Captioned web image data
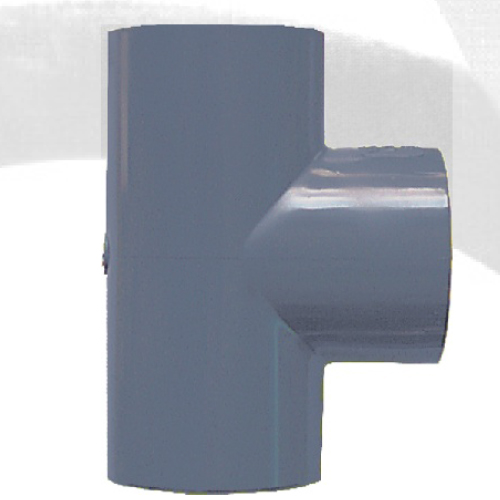 astm sch80 cpvc tee dark grey color 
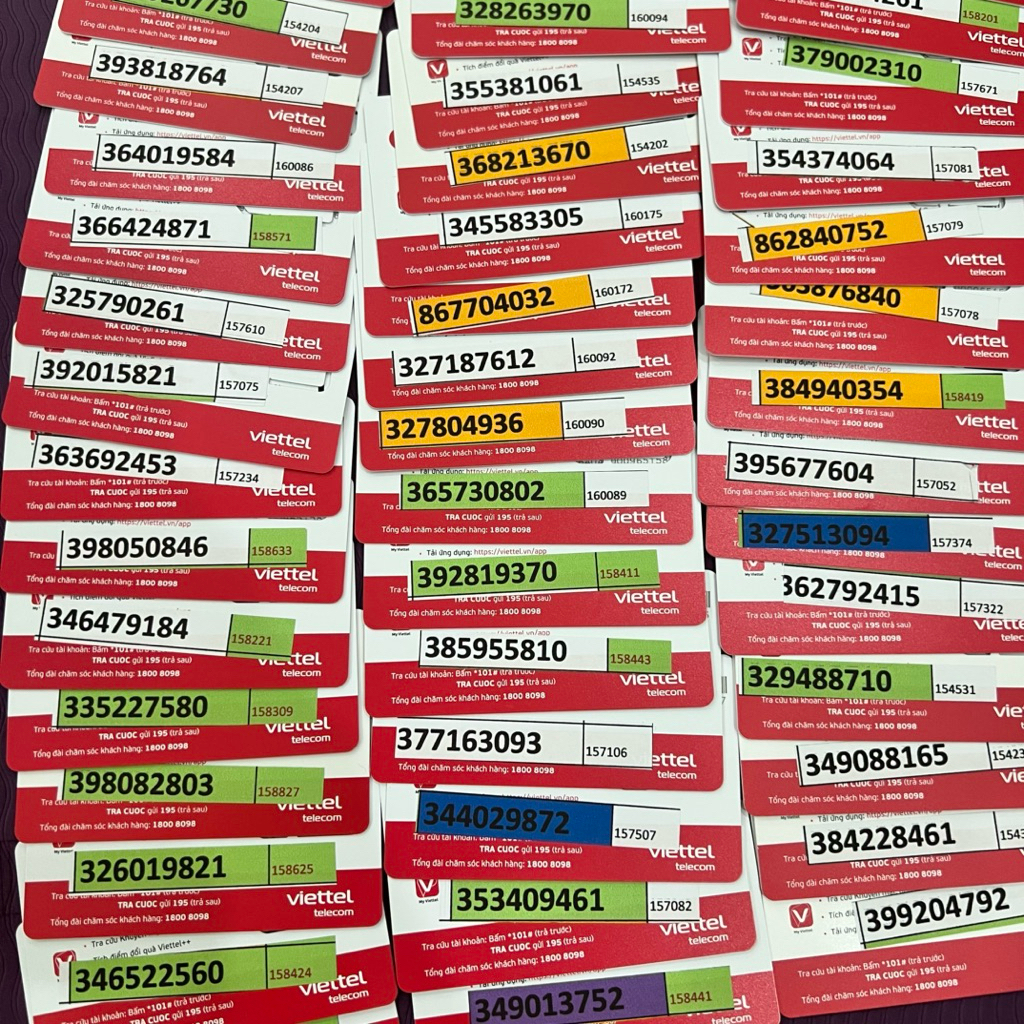 (TV1)Sim Viettel ,sim nguyên kít,sim trả trước,sim viettel 5G giá rẻ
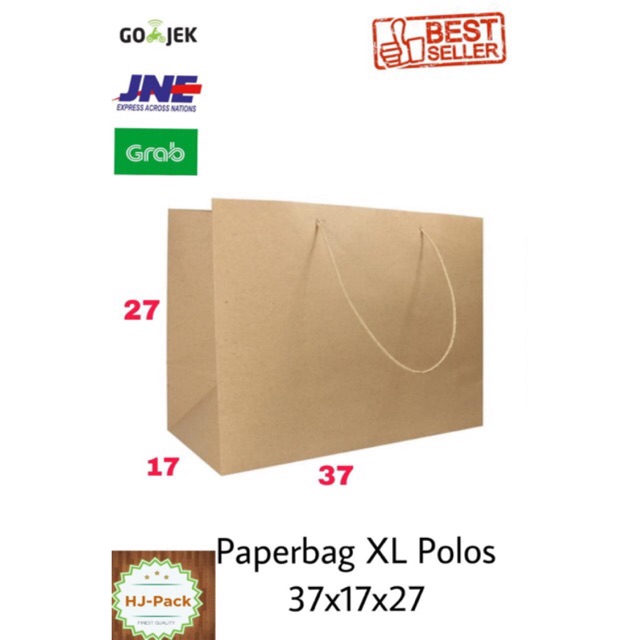 

Minimal Order 12 pcs dan Kelipatan 12 pcs! Paperbag XL Jumbo 37x17x27 Tas Kertas Paper Bag Goodie Bag Shopping Bag Tas Belanja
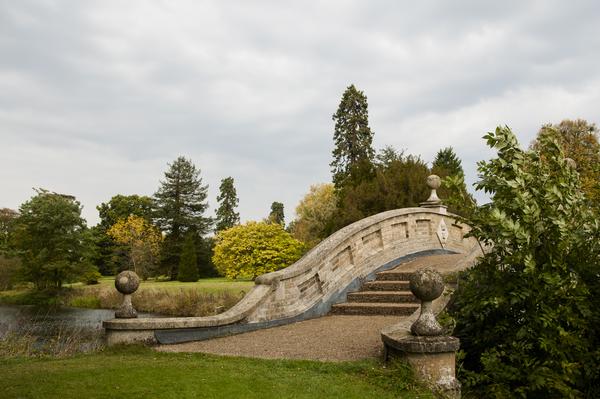 Ornamental bridge at Wrest Park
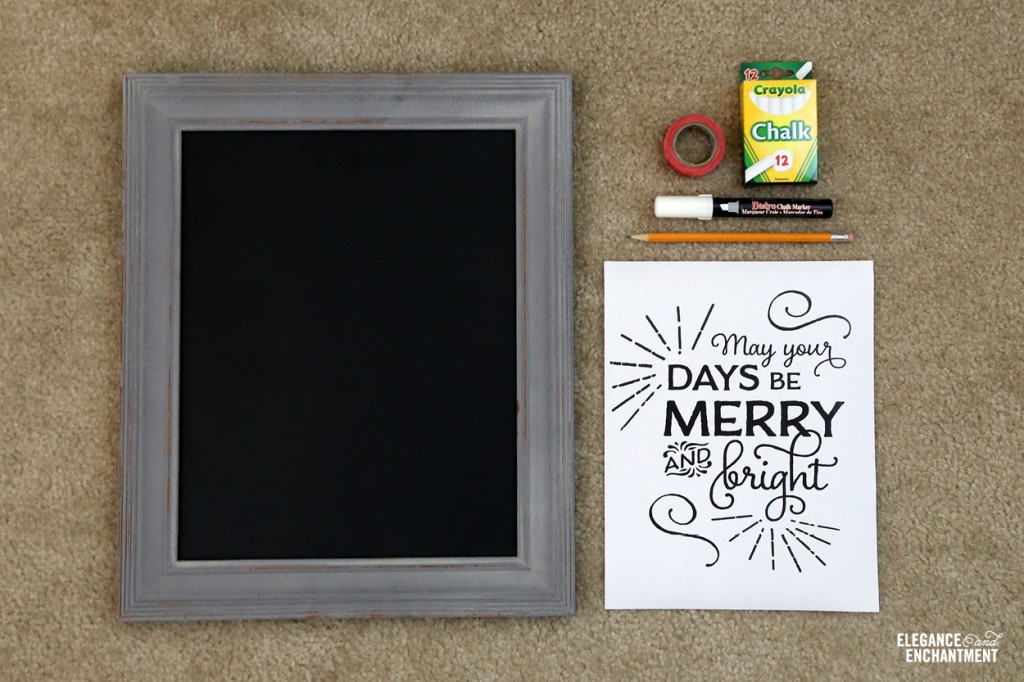 One Year Chalk board- all you need is black poster board and chalk pens and  a little creativity . Great to frame for bedroom aft…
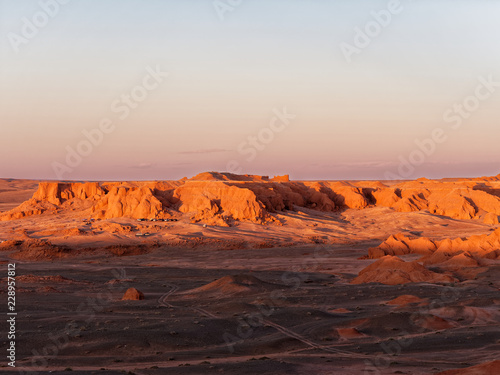 Bajandsag Flaming Cliffs Mongolia Sunset
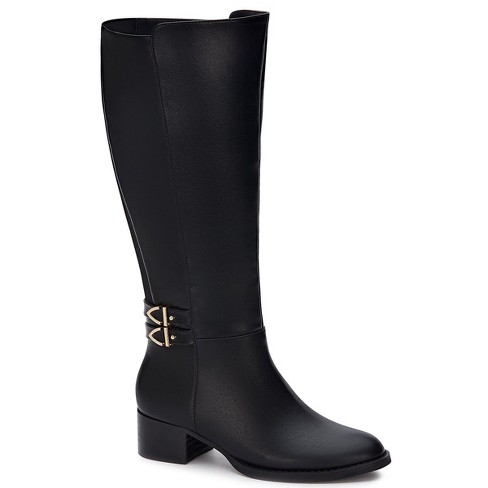 Andrea Tall Riding Boots With Elastic On Shaft 89444 Black 6 Target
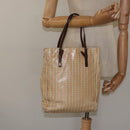 PRADA Hand Bag Leather Beige Auth bs23765-22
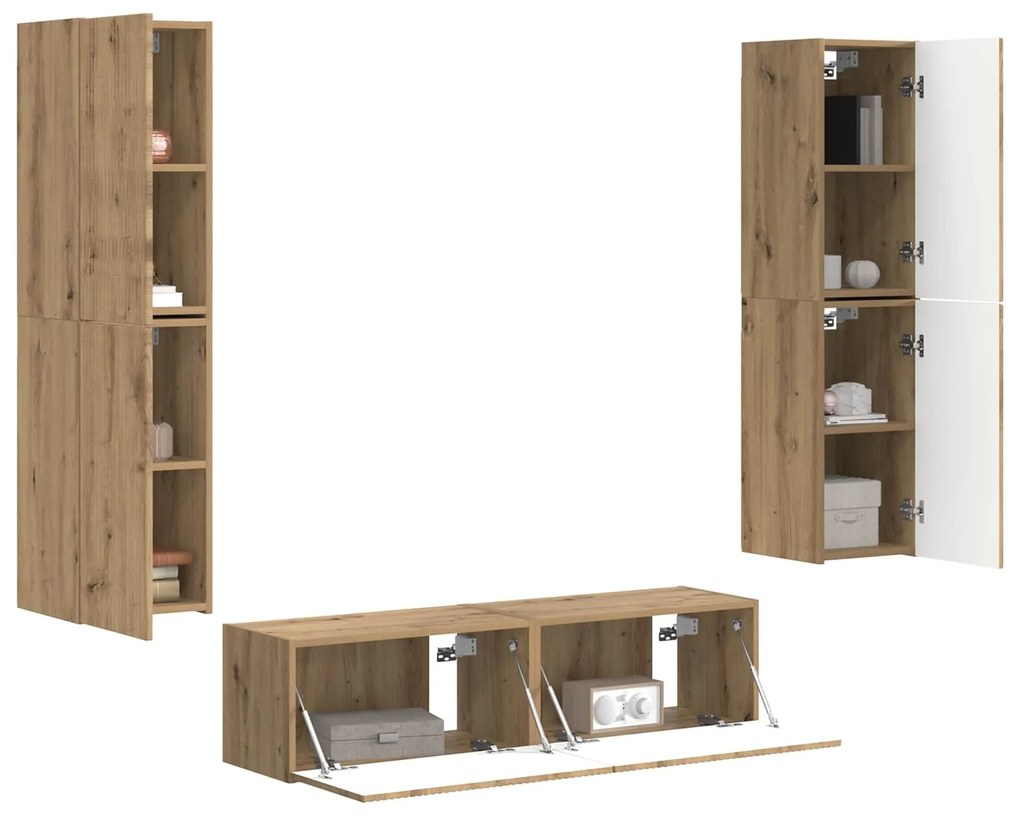 vidaXL 3 pcs Artisan Oak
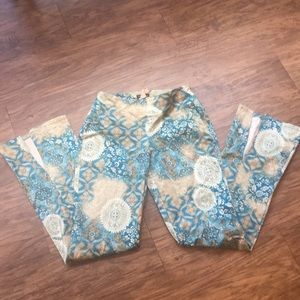 Bentley a. Blue/Teal patterned pants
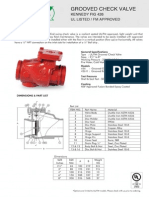 426 Grooved Check Valve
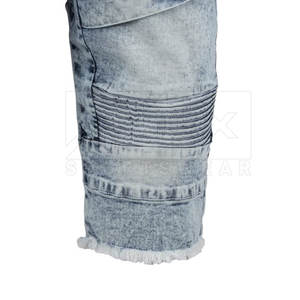 Pantalones vaqueros cómodos de calidad superior para hombre, pantalones cortos a granel, pantalones vaqueros cortos para hombre de calle alta - Product Image 4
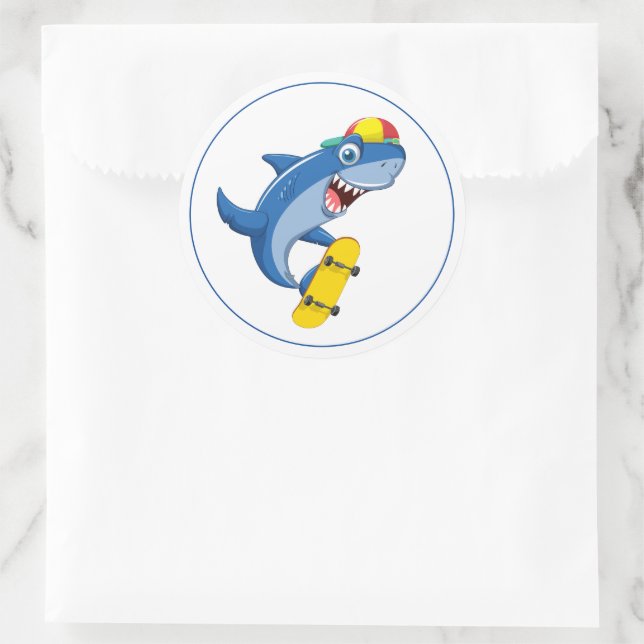 Shark Stickers (Tasche)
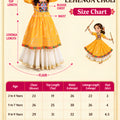 Stylish Yellow Cotton Bandhani Print Indo Western Lehenga Choli for Girls with Dupatta
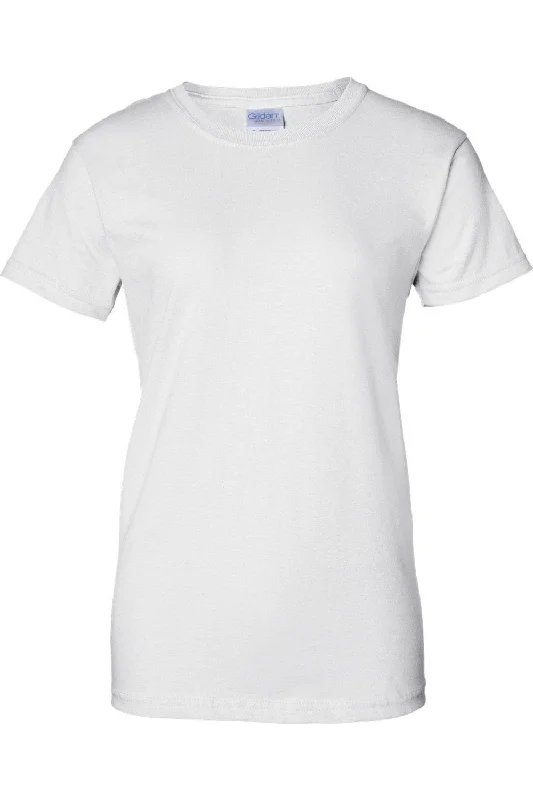 Gildan Ultra Cotton Womens T-Shirt Ribbed Striped Patterned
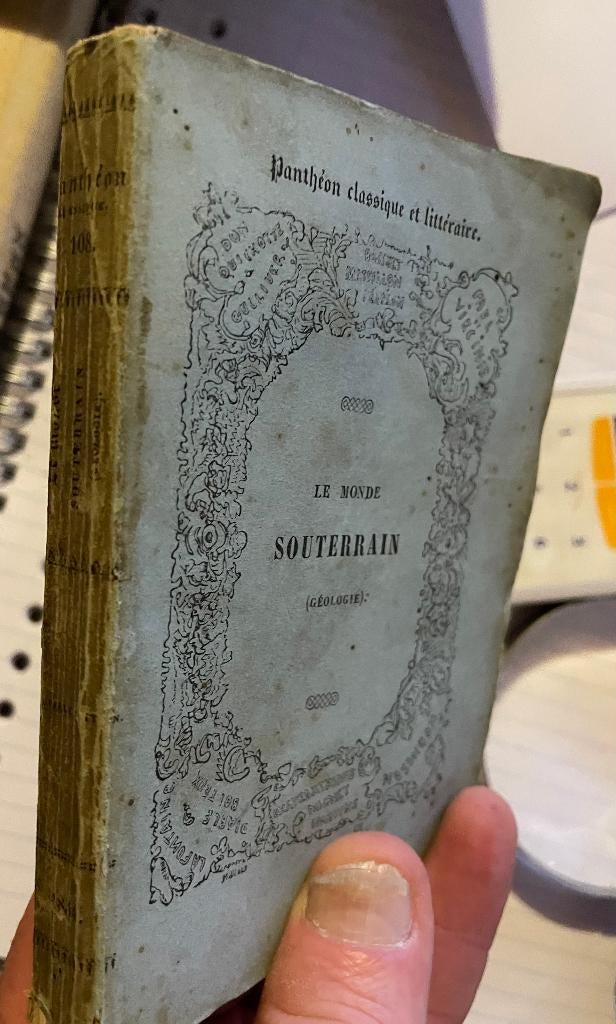 Le monde Souterrain (géologie) (1814), Gelezen, Ophalen of Verzenden, M. de Longhène, Natuurwetenschap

AIM OF THE EXERCISE
Using the records above, return word for word the lines that begin at the one containing "vidaXL 3 pcs Artisan Oak" and end at the one containing "Stylish Yellow Cotton", both of them included and no pictures.

EXERCISE RESPONSE
 vidaXL 3 pcs Artisan Oak
 Bentley a. Blue/Teal patterned pants
 426 Grooved Check Valve
 Pantalones vaqueros cómodos de calidad superior para hombre, pantalones cortos a granel, pantalones vaqueros cortos para hombre de calle alta - Product Image 4
 Shark Stickers (Tasche)
 Stylish Yellow Cotton Bandhani Print Indo Western Lehenga Choli for Girls with Dupatta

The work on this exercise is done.